A few years ago, the creative department where I work had a meeting to kick off the new year and encourage excellence in our overall work. My presentation included a handout titled: "Be Inquisitive. Ask Questions."
My headline about questions may have caught some people off guard. What does that mean? What does this have to do with graphic design and production? I recently revisited this topic in talking to a staffing executive, as a way to explain some of the qualities I look for in production staff, and encourage for anyone working in the design profession.
Does this make sense?
It's not enough for a layout to have high-resolution images, four color swatches, fonts loaded, and consider the project complete and ready to go out the door. You have to look at the contextual nature of a design—as an object. How is it intended to function? Does it have an internal logic? How does it fit into a bigger picture? To see that picture, you need to put yourself in someone else's shoes. You need to look at the work from the perspective of a client, a designer, a copywriter, a printer, a mailing house, and the intended audience.

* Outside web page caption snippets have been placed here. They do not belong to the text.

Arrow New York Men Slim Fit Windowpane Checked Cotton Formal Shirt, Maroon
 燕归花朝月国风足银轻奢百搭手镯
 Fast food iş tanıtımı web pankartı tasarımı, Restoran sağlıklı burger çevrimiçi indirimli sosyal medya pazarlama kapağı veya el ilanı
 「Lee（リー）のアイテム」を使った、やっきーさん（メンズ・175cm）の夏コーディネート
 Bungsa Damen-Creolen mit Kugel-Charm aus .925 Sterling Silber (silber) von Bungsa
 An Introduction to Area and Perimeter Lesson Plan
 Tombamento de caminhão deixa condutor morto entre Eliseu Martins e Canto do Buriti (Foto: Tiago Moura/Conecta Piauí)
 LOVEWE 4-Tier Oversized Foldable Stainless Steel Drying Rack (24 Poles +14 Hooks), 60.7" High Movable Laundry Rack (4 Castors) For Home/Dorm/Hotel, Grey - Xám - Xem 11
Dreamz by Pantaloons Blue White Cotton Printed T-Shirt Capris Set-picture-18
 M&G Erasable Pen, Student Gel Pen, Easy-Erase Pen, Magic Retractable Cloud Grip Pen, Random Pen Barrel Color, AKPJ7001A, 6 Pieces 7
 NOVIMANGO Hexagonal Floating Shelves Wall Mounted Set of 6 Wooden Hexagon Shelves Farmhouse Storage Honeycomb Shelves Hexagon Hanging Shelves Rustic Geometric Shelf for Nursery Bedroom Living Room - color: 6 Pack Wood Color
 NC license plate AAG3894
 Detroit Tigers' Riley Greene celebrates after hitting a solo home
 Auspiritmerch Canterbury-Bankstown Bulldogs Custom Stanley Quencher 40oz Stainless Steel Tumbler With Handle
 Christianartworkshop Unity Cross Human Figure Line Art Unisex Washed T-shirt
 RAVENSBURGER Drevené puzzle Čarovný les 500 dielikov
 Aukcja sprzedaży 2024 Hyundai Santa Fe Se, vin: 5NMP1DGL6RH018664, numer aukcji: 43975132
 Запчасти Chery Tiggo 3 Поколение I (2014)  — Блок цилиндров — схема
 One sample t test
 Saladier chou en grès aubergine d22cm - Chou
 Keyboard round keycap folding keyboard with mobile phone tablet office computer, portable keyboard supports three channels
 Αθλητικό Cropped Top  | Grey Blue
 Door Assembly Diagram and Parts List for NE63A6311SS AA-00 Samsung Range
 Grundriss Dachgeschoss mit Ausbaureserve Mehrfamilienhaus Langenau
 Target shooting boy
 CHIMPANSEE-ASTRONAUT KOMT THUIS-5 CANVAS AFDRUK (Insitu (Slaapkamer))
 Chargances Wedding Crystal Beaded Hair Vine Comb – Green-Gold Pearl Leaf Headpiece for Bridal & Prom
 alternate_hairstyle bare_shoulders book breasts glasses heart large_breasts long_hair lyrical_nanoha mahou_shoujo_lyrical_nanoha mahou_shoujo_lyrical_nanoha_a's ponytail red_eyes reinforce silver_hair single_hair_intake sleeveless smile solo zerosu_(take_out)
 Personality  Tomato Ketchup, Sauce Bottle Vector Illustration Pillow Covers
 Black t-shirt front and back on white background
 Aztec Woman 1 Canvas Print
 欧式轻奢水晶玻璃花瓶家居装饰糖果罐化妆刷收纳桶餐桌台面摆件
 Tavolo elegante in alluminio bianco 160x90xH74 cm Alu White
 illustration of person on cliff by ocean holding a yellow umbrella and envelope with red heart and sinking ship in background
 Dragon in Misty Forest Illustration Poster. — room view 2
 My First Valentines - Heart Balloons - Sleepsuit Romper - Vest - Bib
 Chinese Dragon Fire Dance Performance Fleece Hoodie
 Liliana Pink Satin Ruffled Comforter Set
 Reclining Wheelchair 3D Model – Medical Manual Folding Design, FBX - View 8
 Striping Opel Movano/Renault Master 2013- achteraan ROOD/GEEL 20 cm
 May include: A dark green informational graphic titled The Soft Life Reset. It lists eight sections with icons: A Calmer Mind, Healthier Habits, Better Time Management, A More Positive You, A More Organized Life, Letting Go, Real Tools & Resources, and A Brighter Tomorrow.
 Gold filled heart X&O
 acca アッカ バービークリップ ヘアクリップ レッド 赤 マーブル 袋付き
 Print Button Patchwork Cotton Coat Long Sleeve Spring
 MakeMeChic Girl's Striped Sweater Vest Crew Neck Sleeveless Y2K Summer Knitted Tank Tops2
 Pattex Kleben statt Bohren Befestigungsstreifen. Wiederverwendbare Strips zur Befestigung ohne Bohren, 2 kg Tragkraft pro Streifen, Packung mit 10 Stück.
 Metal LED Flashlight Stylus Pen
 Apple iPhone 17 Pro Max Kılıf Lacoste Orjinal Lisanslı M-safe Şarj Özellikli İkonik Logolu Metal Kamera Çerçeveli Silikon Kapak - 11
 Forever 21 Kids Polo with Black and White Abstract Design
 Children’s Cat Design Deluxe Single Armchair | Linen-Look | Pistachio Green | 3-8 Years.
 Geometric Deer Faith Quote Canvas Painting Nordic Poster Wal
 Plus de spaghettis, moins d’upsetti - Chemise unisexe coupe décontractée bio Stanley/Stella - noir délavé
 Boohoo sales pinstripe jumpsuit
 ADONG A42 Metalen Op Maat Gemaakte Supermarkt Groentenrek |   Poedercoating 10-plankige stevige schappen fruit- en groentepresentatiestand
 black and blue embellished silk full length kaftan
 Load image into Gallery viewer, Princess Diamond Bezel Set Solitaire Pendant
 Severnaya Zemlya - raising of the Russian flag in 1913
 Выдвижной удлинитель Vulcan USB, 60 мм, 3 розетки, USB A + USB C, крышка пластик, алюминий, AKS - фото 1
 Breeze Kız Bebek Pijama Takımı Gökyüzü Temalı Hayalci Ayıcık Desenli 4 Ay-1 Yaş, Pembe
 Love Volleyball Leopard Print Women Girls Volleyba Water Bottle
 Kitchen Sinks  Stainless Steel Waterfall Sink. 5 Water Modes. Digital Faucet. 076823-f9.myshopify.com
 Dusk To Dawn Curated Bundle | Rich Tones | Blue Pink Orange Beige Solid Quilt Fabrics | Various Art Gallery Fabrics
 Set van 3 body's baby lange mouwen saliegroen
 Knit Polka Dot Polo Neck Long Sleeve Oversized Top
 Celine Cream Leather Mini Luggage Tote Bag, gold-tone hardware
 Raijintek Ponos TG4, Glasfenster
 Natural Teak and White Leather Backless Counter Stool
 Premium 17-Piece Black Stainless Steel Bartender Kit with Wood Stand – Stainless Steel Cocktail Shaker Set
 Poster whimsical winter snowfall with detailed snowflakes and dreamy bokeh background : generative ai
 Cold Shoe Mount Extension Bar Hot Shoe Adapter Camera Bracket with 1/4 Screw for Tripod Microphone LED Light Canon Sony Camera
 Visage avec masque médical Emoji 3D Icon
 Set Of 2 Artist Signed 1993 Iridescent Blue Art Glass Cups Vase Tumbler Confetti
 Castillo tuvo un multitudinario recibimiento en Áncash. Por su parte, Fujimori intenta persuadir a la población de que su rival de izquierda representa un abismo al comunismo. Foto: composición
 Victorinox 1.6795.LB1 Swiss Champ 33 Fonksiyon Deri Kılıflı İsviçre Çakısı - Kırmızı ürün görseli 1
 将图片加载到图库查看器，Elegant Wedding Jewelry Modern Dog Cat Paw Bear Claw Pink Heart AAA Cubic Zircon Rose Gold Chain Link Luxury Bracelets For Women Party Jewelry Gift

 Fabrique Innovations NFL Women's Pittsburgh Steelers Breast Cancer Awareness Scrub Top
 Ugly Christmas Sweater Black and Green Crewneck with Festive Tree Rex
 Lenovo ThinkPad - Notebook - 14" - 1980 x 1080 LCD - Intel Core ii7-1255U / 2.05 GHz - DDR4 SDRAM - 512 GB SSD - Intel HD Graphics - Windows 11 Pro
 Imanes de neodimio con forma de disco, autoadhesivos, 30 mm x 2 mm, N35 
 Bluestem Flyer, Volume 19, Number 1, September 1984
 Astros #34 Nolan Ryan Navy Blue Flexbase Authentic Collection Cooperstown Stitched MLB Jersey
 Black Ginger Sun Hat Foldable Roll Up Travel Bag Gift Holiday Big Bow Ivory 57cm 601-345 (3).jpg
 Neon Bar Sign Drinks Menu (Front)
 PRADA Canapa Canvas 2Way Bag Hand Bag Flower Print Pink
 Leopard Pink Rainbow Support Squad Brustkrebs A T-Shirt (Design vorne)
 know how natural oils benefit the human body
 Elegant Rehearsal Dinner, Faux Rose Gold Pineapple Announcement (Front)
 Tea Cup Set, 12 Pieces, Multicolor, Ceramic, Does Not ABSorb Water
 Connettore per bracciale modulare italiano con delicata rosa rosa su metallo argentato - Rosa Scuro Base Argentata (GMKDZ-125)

Some examples of questions that might need to be asked:
- Can you read all the type? Will it still read when printed?
- What paper is it printing on? What kind of press?
- Has this piece been created before? How does it compare to the previous editions?
- Was it the same size before? If not why is it different?
- Is it being mailed?
- Is it going in a envelope? Is the right size for a particular envelope?
- Which envelope? Does it need to be ordered? Do envelopes need to printed?
- Is it a postcard?
- Does the size allow for the cheaper postal postcard rate?
- Does the layout conform to other relevant postal regulations?
- Was something that seems odd done on purpose, or was it a mistake?
- Is the use of display and body text styles inconsistent? Is that intentional?
This is meant to illustrate how one question can lead to another. There are many questions one can ask, but more than the specific questions, it's a state of mind, or even a philosophy. Curiosity, and skepticism are valuable tools to see and fully comprehend all sides of a designed object. If something seems not quite right, follow your instincts. Sometimes the one loose thread you notice will lead you to see how the whole design was ready to unravel. Just as an example, asking why an image is missing, instead of just finding it could be important. Was the original was moved after it was linked? Why? Is it an older image from a prior project? Does that matter? Is it out-of-date content and needs to be replaced?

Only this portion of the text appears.